Die Stücke von Nicolas Tzortzis sind in einem Zeitraum von wenigen Jahren entstanden. Ausgelöst durch einen Auftrag, Musik für den Film „L’étoile de mer“ zu schreiben, entstand sein Wunsch, sich intensiver mit Man Ray zu beschäftigen und auch die Filme „Emak Bakia“ und „Les mystères du chateau du Dé“ zu vertonen. Wir haben uns in Absprache mit Nicolas entschieden, bei der Aufführung die chronologische Reihenfolge der Entstehung einzuhalten, um seine ganz persönliche Entwicklung bezüglich der Beziehung zwischen Bild und Ton hervorzuheben. Wir freuen uns, dass Nicolas sein Kommen angekündigt hat und uns sicher dazu einiges erzählen wird. Aber auch die Filme von Man Ray sind in einem ähnlich engen Zeitraum entstanden: Nachdem er kurz zuvor mit kleineren Filmen experimentiert hatte, erhielt er 1926 vom amerikanische Ehepaar Arthur und Rose Wheeler den Auftrag, jedes Jahr einen längeren Film zu produzieren. So entstand zunächst „Emak Bakia“, ein surrealistischer Film ganz ohne Handlung. Er besteht aus Improvisationen, die den gegenwärtigen „Zustand des Kinos“ reflektieren sollten, und in denen er diverse Techniken, mit denen er bis dahin gearbeitet hatte, insbesondere die „Rayographie“ – eine besondere Form von Fotogrammen, bei denen man in der Dunkelkammer Gegenstände auf Fotopapier ohne Kamera belichtet – vereinigt. Darauf folgte in ähnlicher Weise 1928 „L’étoile de mer“ inspiriert durch ein Gedicht von Robert Desnos und 1929 „Les mystères du chateau du Dé“ inspiriert durch die Villa Noailles in Hyères, ein modernistisches Haus der 1920er Jahre. Schade, dass er sich danach (u.a. durch Aufkommen des Tonfilms) kaum noch mit dem Medium Film beschäftigte.

Welche Besonderheiten müssen beachtet werden, wenn man live zu einem Film spielt? Gibt es Unterschiede in der Aufführungspraxis?

Künstlerisch gesehen ist es eine wichtige Aufgabe, das Gleichgewicht zwischen Bild und Musik im Blick zu haben. Das kann unter Umständen etwas anderes bedeuten als im Musiktheater oder in der Oper: Die Musiker sind eben nicht einfach Teil eines Gesamtkunstwerkes, sondern treten mit ihrem „Kunstwerk“, eben der musikalischen Komposition, einem anderen „Kunstwerk“, dem Film, gegenüber. Auf der rein praktischen Ebene muss natürlich die Frage geklärt werden, wie die Koordination zwischen Film und Musik sowie zwischen den Musikern untereinander gesichert wird.
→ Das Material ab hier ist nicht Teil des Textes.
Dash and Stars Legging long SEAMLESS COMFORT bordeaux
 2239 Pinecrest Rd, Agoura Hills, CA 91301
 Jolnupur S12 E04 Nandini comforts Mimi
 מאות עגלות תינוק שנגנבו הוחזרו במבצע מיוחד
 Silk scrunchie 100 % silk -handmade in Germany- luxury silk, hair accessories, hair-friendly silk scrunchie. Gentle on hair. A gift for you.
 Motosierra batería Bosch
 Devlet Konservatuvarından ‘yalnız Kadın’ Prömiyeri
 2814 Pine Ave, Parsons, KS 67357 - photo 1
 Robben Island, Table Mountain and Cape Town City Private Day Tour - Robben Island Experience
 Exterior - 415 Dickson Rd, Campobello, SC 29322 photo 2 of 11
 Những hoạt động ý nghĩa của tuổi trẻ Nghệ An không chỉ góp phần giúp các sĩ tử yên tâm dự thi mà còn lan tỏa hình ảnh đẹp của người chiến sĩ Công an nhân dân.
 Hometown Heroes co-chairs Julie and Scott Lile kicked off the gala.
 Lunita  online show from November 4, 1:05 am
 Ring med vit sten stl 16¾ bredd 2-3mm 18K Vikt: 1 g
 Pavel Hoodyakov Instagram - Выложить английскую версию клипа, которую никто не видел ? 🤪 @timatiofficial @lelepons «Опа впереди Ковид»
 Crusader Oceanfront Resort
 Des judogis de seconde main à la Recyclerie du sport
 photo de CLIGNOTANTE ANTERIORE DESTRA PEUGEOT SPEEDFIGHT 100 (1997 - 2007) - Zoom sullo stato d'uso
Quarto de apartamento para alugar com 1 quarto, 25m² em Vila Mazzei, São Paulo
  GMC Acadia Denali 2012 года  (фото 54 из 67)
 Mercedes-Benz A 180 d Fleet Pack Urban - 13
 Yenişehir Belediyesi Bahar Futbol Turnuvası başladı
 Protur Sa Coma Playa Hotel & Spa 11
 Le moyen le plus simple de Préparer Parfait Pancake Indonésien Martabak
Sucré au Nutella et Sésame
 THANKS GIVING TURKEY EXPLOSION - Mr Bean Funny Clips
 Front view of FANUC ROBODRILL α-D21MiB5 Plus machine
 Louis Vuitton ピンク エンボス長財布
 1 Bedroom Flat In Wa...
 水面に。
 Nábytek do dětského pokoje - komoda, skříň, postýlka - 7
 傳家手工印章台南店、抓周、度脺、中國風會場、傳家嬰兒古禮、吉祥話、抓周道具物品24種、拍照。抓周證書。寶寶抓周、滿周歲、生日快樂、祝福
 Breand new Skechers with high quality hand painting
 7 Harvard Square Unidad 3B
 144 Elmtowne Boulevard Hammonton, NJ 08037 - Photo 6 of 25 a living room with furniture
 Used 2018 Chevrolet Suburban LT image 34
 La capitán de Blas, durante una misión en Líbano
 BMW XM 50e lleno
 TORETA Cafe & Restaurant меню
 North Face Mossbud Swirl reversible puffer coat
In Tzortzis Stücken ist es eigentlich vorgesehen, dass ein Dirigent den Tempoangaben der Partitur folgt während zusätzlich in der Partitur Bilder des Films eingefügt sind, damit der Dirigent die Synchronität überprüfen kann. In diesem Konzert haben wir uns jedoch dazu entschieden, ohne Dirigent zu spielen. Daher verwenden wir einen Klicktrack, den jeder Musiker per Headset im Ohr hat. Aufgrund der Komplexität der Werke ist das eine besondere Herausforderung!